We’re kicking off 2017 with our interview with Bill Neill, Chief Strategy Officer for the recently launched Carex Consulting Group. Carex provides enterprise staffing solutions for startups to large-size companies specializing in health tech, project management, and information technology.

Tell us a little bit about Carex Consulting Group, what made you decide to launch it, and how it’s different from other staffing firms.
Bill Neill

Carex was launched just recently, in December 2016, by myself, Mike Heller, and Rachel Neill. Rachel and I both worked most recently as an executive and consultant, respectively, at Nordic Consulting, and Mike was most recently the VP of Information Technology at Data Dimensions in Janesville.

We founded Carex because we saw a gap in staffing in the healthcare market around health tech, project management, and IT. There are other staffing firms in town that can find you an adequate implementation manager, for example, but as an employer, you’re going to have to spend a lot of time explaining the various intricacies around health tech and healthcare, as well as industry-specific standards and regulations around things like HL7, HIPAA, and cloud-based interfaces. We understand this industry and the talent side of the equation very well and have worked in it as employers and consultants for many years, so we can pull in talent specific to your business model and help shorten that ramp-up period of getting a new employee or consultant on board.

We also offer a more transparent business model than most staffing firms, which tend to have this very opaque system where they get the customer to pay as much as possible and pay the employee or consultant as little as possible. For consulting, Carex takes 1/3 of the bill rate and for full-time placement we take 20% of first year salary. That’s less expensive than the standard for this industry, but it’s something we can offer thanks to our specific backgrounds, expertise, and lean management strategy. Combined with finding talent that is tailored to their needs, our lower pricing structure helps us create a better partnership with our clients.

Why is Madison the ideal home for Carex, and what has the response been like to your business so far?

Madison has an incredible talent pool when it comes to health tech, project management, and IT. There’s a wealth of people here with those skill sets, and we thought there was an opportunity to build a diverse and talented ecosystem for healthcare here. And there are many great healthcare companies here looking for talent.
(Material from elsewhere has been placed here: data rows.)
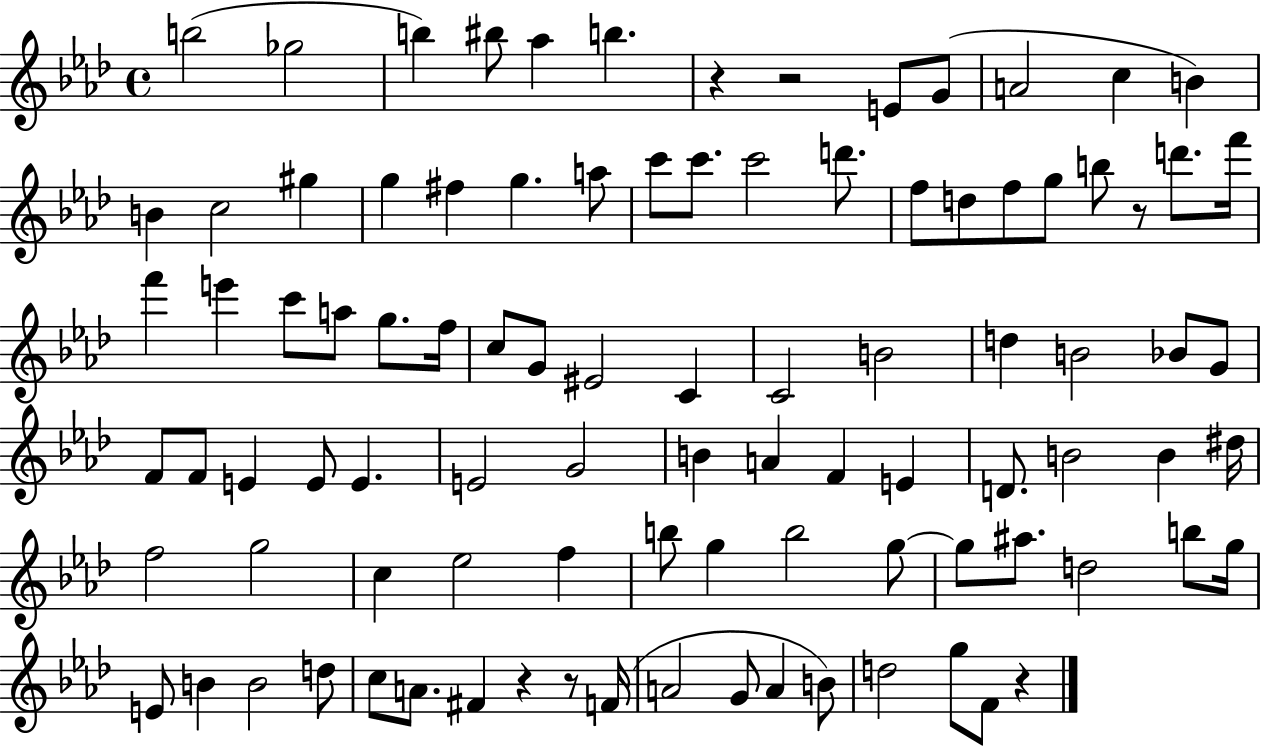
{
  \clef treble
  \time 4/4
  \defaultTimeSignature
  \key aes \major
  \repeat volta 2 { b''2( ges''2 | b''4) bis''8 aes''4 b''4. | r4 r2 e'8 g'8( | a'2 c''4 b'4) | \break b'4 c''2 gis''4 | g''4 fis''4 g''4. a''8 | c'''8 c'''8. c'''2 d'''8. | f''8 d''8 f''8 g''8 b''8 r8 d'''8. f'''16 | \break f'''4 e'''4 c'''8 a''8 g''8. f''16 | c''8 g'8 eis'2 c'4 | c'2 b'2 | d''4 b'2 bes'8 g'8 | \break f'8 f'8 e'4 e'8 e'4. | e'2 g'2 | b'4 a'4 f'4 e'4 | d'8. b'2 b'4 dis''16 | \break f''2 g''2 | c''4 ees''2 f''4 | b''8 g''4 b''2 g''8~~ | g''8 ais''8. d''2 b''8 g''16 | \break e'8 b'4 b'2 d''8 | c''8 a'8. fis'4 r4 r8 f'16( | a'2 g'8 a'4 b'8) | d''2 g''8 f'8 r4 | \break } \bar "|."
}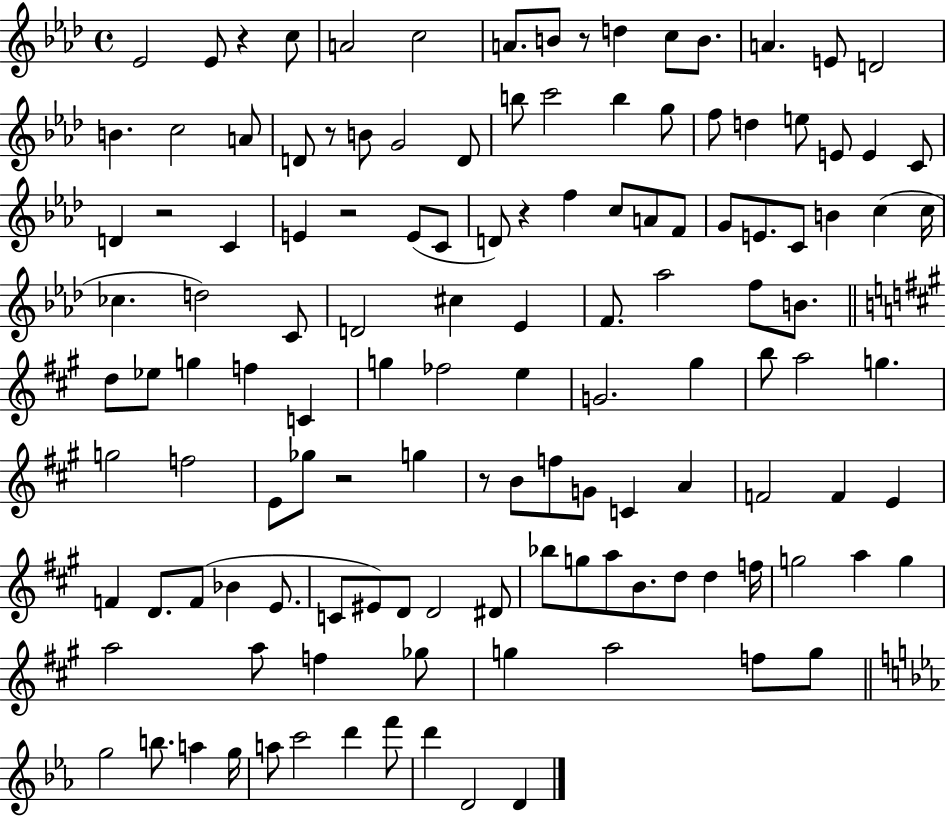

Our plan was to concentrate on servicing Madison and working with the talent here, and then phase two was going to be to find other skill hubs around the country and start doing something similar there. But in addition to working with clients in Madison, we already have clients in Milwaukee and Chicago, and we just signed a client on the east coast. I think that speaks to the need for us to own the talent side of health tech—it’s clearly a niche that’s underserved. We also anticipated we’d have more demand for consultants, but we’ve been surprised by the need for full-time talent. It’s all grown very organically, almost entirely by referral.

What’s the single most important change you’d like to see to encourage more innovation and entrepreneurship in our community?

I’d like for Madison to tie into the talent base here more by providing more opportunities for things like joint ventures, joint tech councils, and community forums. I’m originally from the San Francisco area and witnessed the tech boom of Silicon Valley right outside my back door. Part of that boom was the free flow of ideas—sharing those ideas and morphing them. There are so many bright people here with great ideas, but not all of them are extroverts who are going to share these ideas without the help of some mechanism or forum to do it. There’s great potential for expansion here in Madison, but we also need more of the big players to develop innovation and venture arms to foster this more open ecosystem.

Specific to the healthcare industry, there’s this very “vogue” notion of non-competes, so I also think we need less restrictive non-competes to help make this flow and sharing of ideas possible. When you look at a company like Salesforce, which is very ecosystem-driven and wants everyone to buy their platform and know how it works, it’s a 180 from what some of the vendors are doing, where they want you to purchase their tightly controlled platform and use it in a very specific manner. I think talent flow is a factor of that business model. The good news is that the healthcare industry is still booming and the talent of people is growing along with it. It’s an employee-friendly market and we’re seeing more healthcare companies courting talent. That’s been a big “aha” for me, and I think it can only help create an environment of more sharing and openness.